METHODS: DNA and X-ray data were available for 1049 patients who were registered between 1990 and 2003 with the Norfolk Arthritis Register (NOAR); a primary care-based inception cohort of patients with recent-onset IP. Demographic and clinical data were recorded at inclusion, and at yearly assessments thereafter. Patients were genotyped for 18 SNP markers. The presence of serum anti citrullinated peptide antibodies (ACPAs) was assessed in samples collected at inclusion to the NOAR. The association of serological and genetic markers with poor radiological (Larsen) score at Years 1 and 5, and erosions at Years 1 and 5 was investigated.
RESULTS: Baseline ACPA positivity was associated with erosive disease and higher radiological damage. SNP markers within the TRAF1/C5 locus were associated with erosive disease at Year 1 [rs2900180: odds ratio (OR) 1.53 (95% CI 1.14, 2.05)] and Year 5 [rs2900180: OR 1.47 (95% CI 1.07, 2.02)]. None of the SNP markers tested was associated with Larsen score.
CONCLUSION: Our results are in keeping with a previous report and suggest that the TRAF1/C5 region is associated with risk of development of radiological erosions in IP/RA patients. The finding requires replication in other large data sets.

Introduction

Increasingly, physicians would like to identify which patients presenting with inflammatory joint disease are likely to develop severe disease before they satisfy ACR classification criteria for RA, so that appropriate treatment can be introduced before irreversible damage occurs. The importance of antibodies directed against citrullinated peptide antibodies (ACPAs) in this regard has been increasingly appreciated in recent years [1-5]. For example, we have reported previously that, in the Norfolk Arthritis Register (NOAR), an inception cohort of patients with inflammatory polyarthritis (IP), only 45% of whom satisfied ACR classification criteria for RA at baseline, the presence of ACPA was strongly associated with the development of erosions by 5 years [1]. However, ACPA do not perfectly correlate with severe outcome. For example, in the same study, there were a significant minority of patients who did not have these antibodies at baseline but developed severe disease, as assessed by radiological erosions [1]. Hence, the identification of markers that would refine the accuracy of ACPA in predicting disease severity would be an important clinical advance.
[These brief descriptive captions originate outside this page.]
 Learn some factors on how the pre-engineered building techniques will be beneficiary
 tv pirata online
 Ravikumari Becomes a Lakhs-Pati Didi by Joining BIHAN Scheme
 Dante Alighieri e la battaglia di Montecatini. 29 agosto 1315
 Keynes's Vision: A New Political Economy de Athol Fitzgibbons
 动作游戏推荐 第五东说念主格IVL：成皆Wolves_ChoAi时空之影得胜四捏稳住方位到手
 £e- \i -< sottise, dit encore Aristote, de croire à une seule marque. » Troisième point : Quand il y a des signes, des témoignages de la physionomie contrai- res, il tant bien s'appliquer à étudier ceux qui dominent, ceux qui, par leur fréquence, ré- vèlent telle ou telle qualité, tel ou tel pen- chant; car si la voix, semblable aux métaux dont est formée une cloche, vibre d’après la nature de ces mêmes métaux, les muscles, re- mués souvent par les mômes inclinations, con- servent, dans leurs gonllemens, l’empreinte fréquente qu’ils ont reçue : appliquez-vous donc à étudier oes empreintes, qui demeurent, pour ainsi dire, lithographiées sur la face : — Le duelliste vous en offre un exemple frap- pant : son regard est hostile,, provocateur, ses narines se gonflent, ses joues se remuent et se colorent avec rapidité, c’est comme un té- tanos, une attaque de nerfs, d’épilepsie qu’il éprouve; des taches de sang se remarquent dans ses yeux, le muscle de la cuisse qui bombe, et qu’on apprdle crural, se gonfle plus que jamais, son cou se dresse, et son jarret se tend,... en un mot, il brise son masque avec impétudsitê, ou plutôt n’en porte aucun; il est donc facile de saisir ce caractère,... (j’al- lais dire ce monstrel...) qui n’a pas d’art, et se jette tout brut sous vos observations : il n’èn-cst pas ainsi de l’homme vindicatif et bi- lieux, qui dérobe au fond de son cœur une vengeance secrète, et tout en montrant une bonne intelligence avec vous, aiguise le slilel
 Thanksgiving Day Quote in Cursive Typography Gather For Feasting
Genetic factors play an important role in determining development of persistent and destructive IP, and are estimated to account for 50–60% of disease susceptibility. In patients of European ancestry, the strongest genetic susceptibility effects are conferred by the HLA-DRB1 locus on chromosome 6 [6] [the shared epitope (SE)] and the protein tyrosine phosphatase 22 (PTPN22) gene on chromosome 1p13 [7]. In terms of disease outcome, the HLA-DRB1 locus is associated with the development of radiological erosions [8]. The functional susceptibility single nucleotide polymorphism (SNP) within PTPN22 does not appear to associate with disease outcome in persistent IP or RA [9].

Recent whole-genome and candidate gene disease association studies have identified further non-HLA RA susceptibility loci (i.e. 6q23, TRAF1/C5, STAT4, IL2RB, KIF5A, PRKCQ, IL2_IL21, CD226, CCL21, CD40, CTLA4, IL2RA, AFF3 and IL7R), defined by SNP markers that associate with susceptibility with low-to-moderate risk [10-19]. What is less clearly understood, however, is the role of these SNP susceptibility markers in determining disease outcome as measured by the presence of radiographic erosions in patients with persistent IP.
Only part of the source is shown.